Hilltribe prisoners at Chiang Rai Central Prison whom I've visited say that conditions at the prison have improved, and are better than at other prisons in Thailand. Of the approximate 4,000 inmates, more than 50% are hilltribe people.

Conditions at Lard Yao women's prison in Bangkok have deteriorated even more this year from the already overcrowded situation and strict regime of previous years. There are serious delays with mail sent to prisoners getting in and out, far worse than at other prisons. Construction is now going on in the visitor's area, making already poor visiting conditions even worse.

There are now 25 Akha hilltribe women at Bangkok Women's prison, and many Hmong, Karen, Lahu, Yao and other hilltribes, as well as many women from Myanmar. One Akha woman has a baby with her in prison, and not enough milk to feed her baby. One Lahu woman in the prison's sickroom is blind and cannot walk properly.

Mee Ju, a young Akha woman in Lard Yao, studied law and graduated last year while in prison. She is now writing a petition to the King on behalf of hilltribe prisoners.

Many hilltribe men are imprisoned in Klong Prem, Bangkwang, Klong Pai, Youth Central Prison in Pathumthani, and other prisons very far away from their homes where their families have no chance to visit them.

On a visit to Klong Pai Prison hilltribe inmates told me that conditions had improved a little over recent years. However, there appears to be a big problem with HIV infection amongst inmates, and no medicines to treat it. An Akha man, Rattanachai Kiatshie, works as an assistant in the prison hospital. Moses Saengpo, from Wa State, Myanmar, is in the hospital with AIDS. He is in a very weak condition. About 50 inmates in the hospital have HIV/AIDS. About 30 have TB, and there is one case of leprosy.

In such desperate conditions prisoners are now awaiting the 60th anniversary of the King of Thailand's reign on 9th June when an amnesty for prisoners is widely anticipated. Two years ago I sent a petition on behalf of hilltribe prisoners to the King, and I received an acknowledgement from the King's Office. Hopefully there will soon be some good news, and some free prisoners.
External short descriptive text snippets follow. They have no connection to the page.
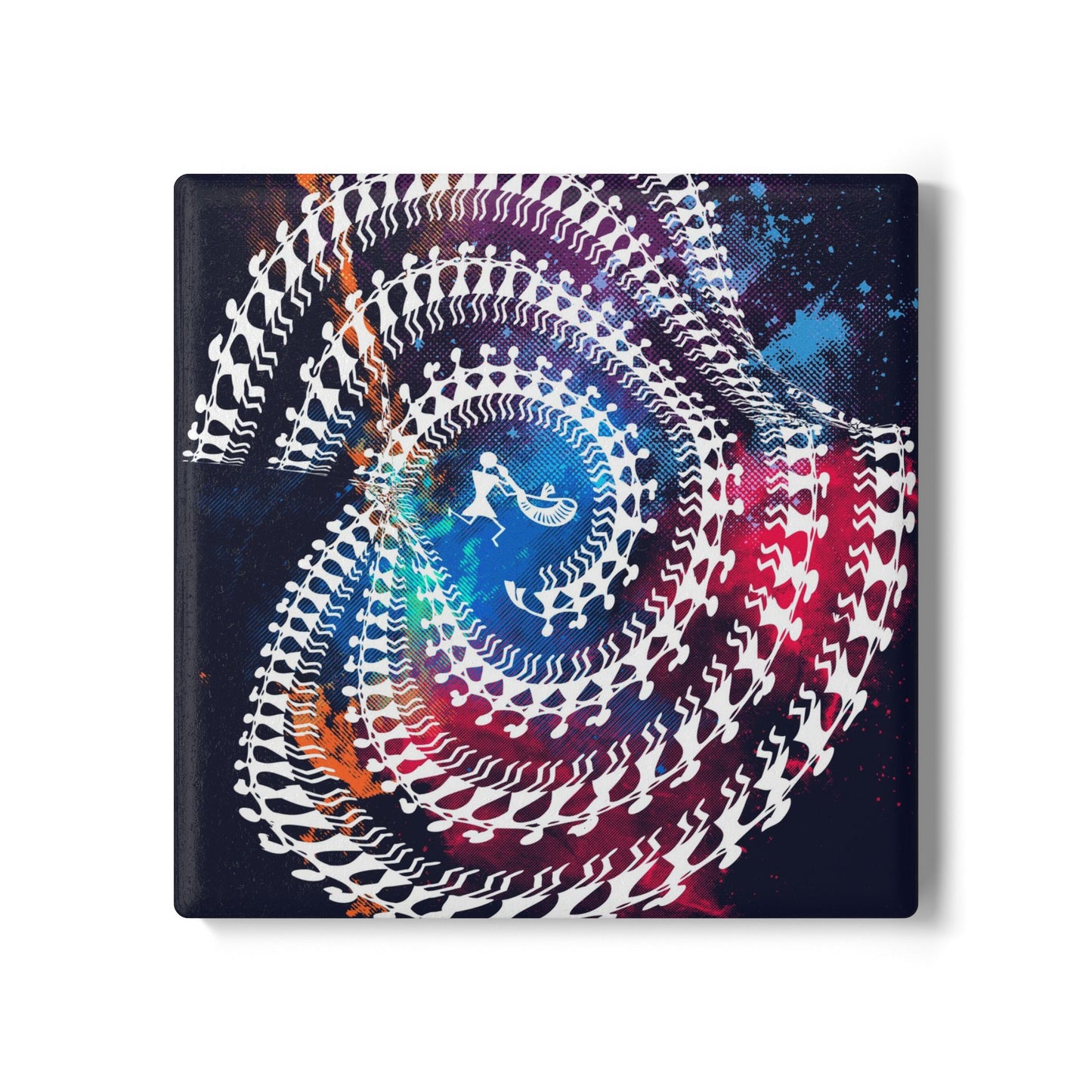 Spiral Art Ceramic Coaster, Psychedelic Home Decor, Drink Coaster Set, Unique Gift for Housewarming, Vibrant Coffee Table Accessory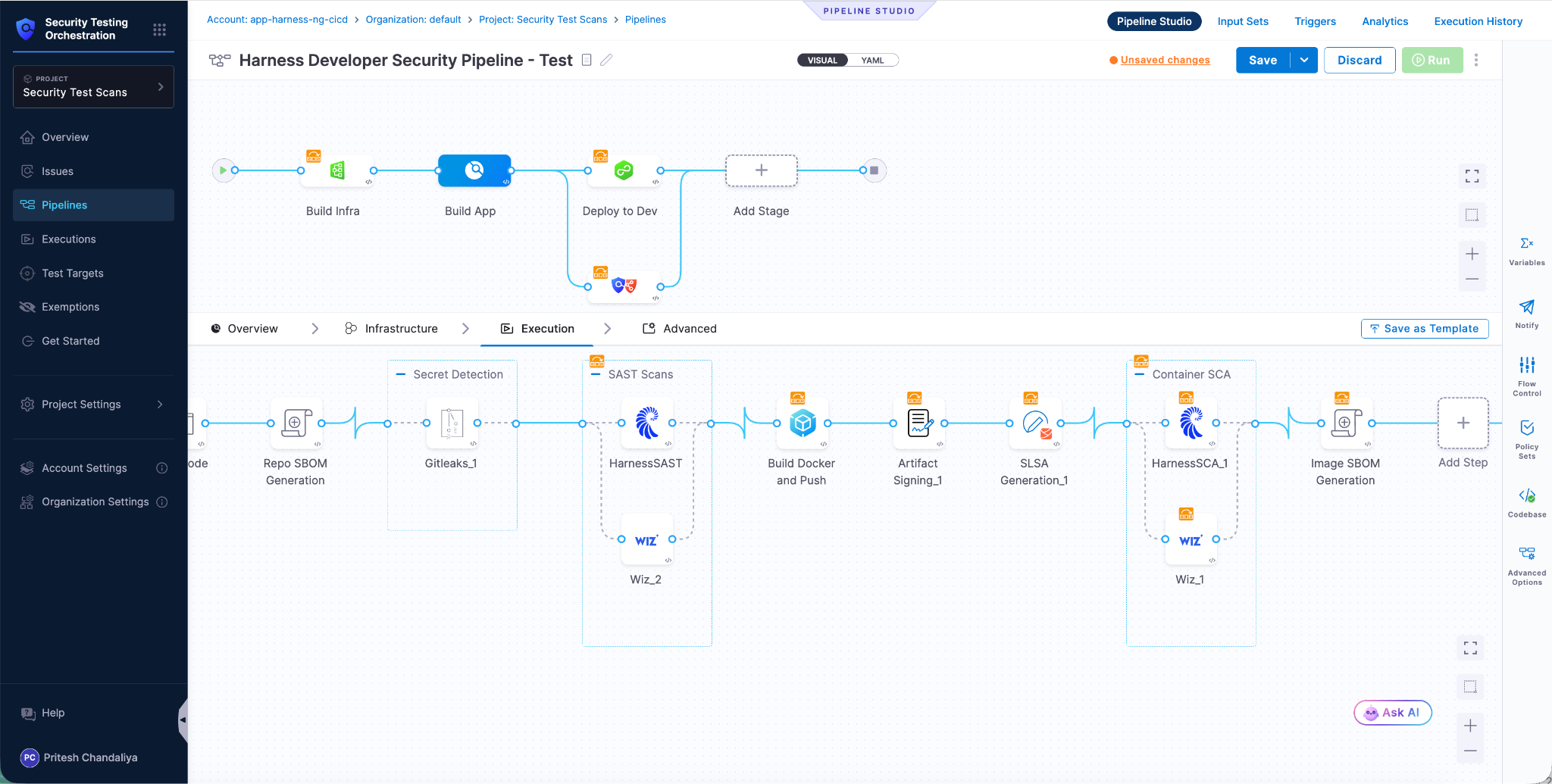 Screenshot illustrating: Integrating Wiz Code into CI/CD Pipelines with Harness STO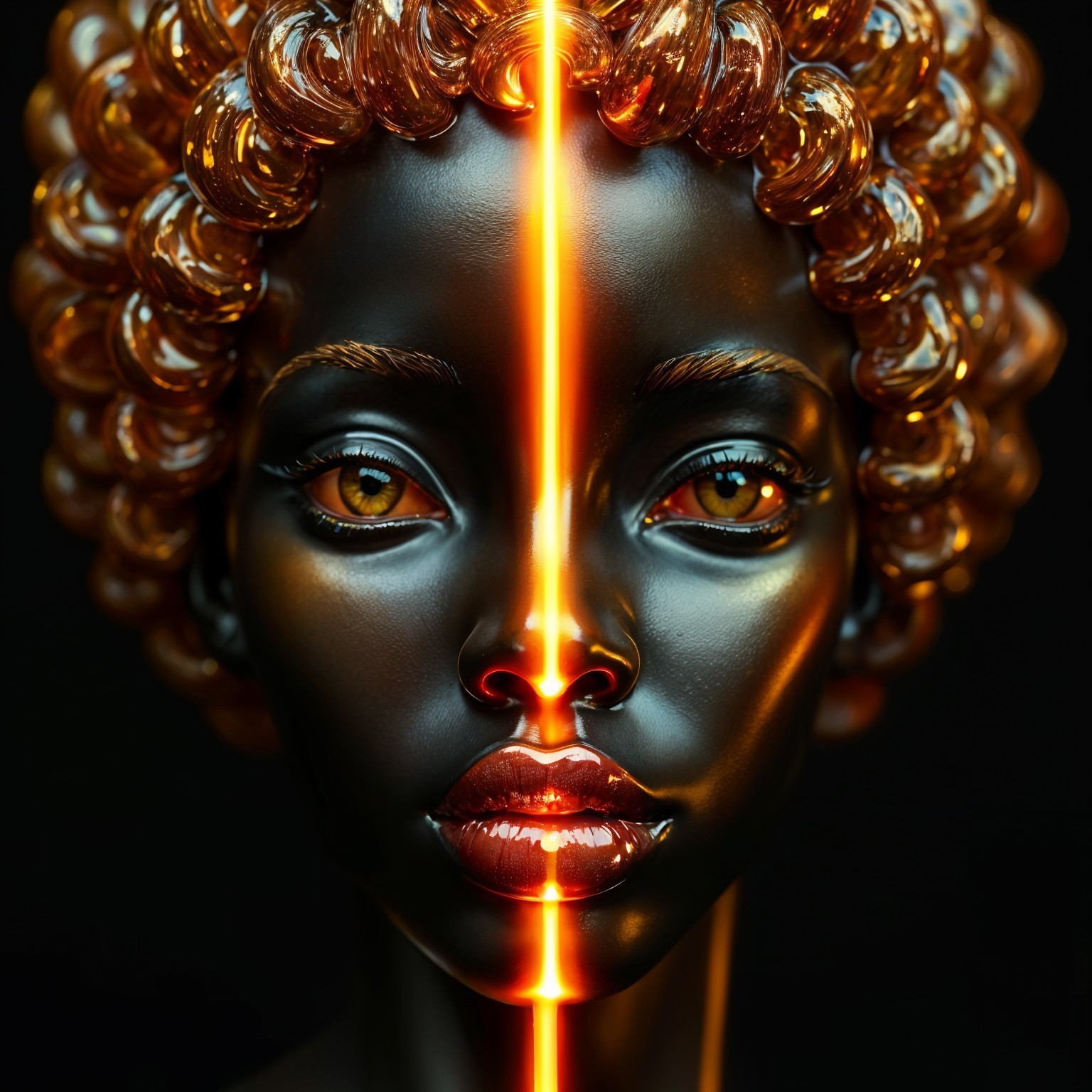 Hyper-realistic sculpture of a female figure with glow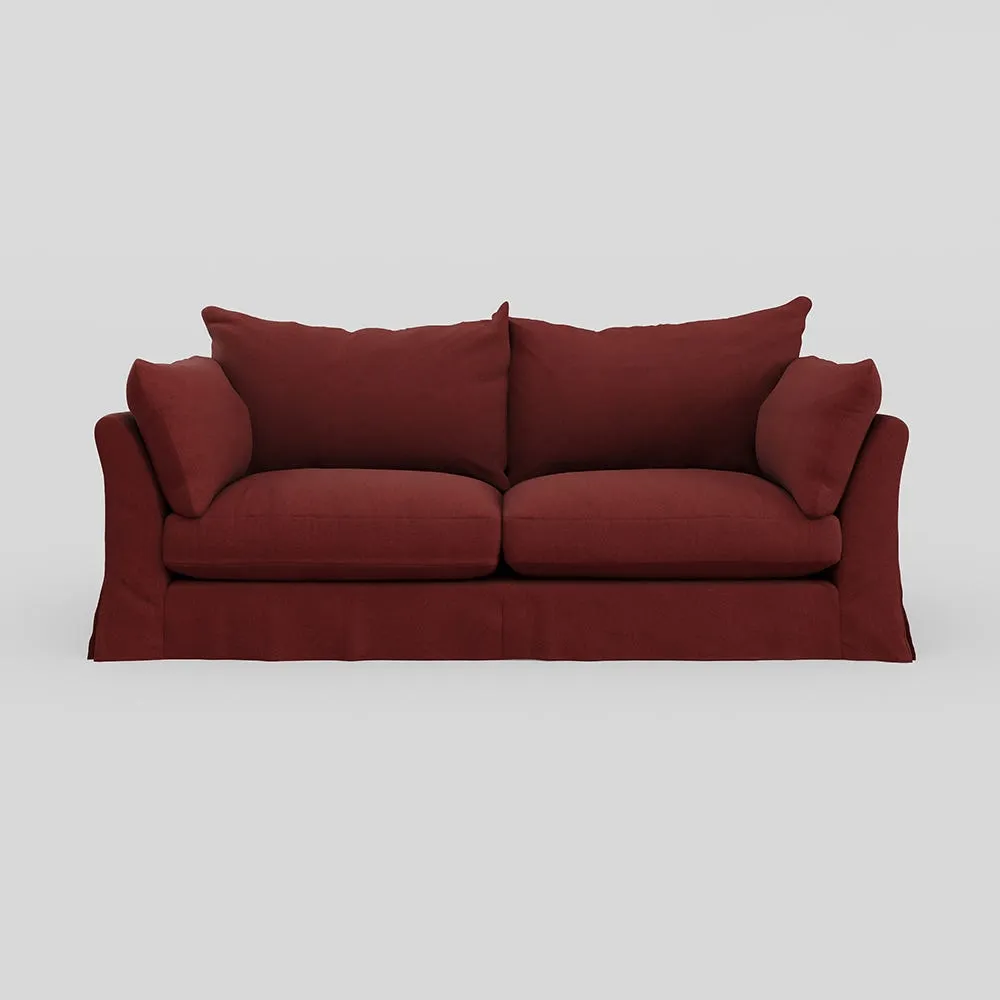 Heal's Tailor Loose Cover 4 Str Sofa Capelo Linen Etruscan Red, Natural Beech Feet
With a present prison population of about 350,000 in Thai prisons conditions are very overcrowded. Over 80% of cases involve drugs. A large increase in the prison population came a few years ago with Prime Minister Taksin Shinawatra's aggresive "war on drugs". Officials admit that a large number of inmates are actually innocent of charges against them. We hope that as the Ministry of Justice works out the present political mess, it also straightens out the application of justice for people in Thailand.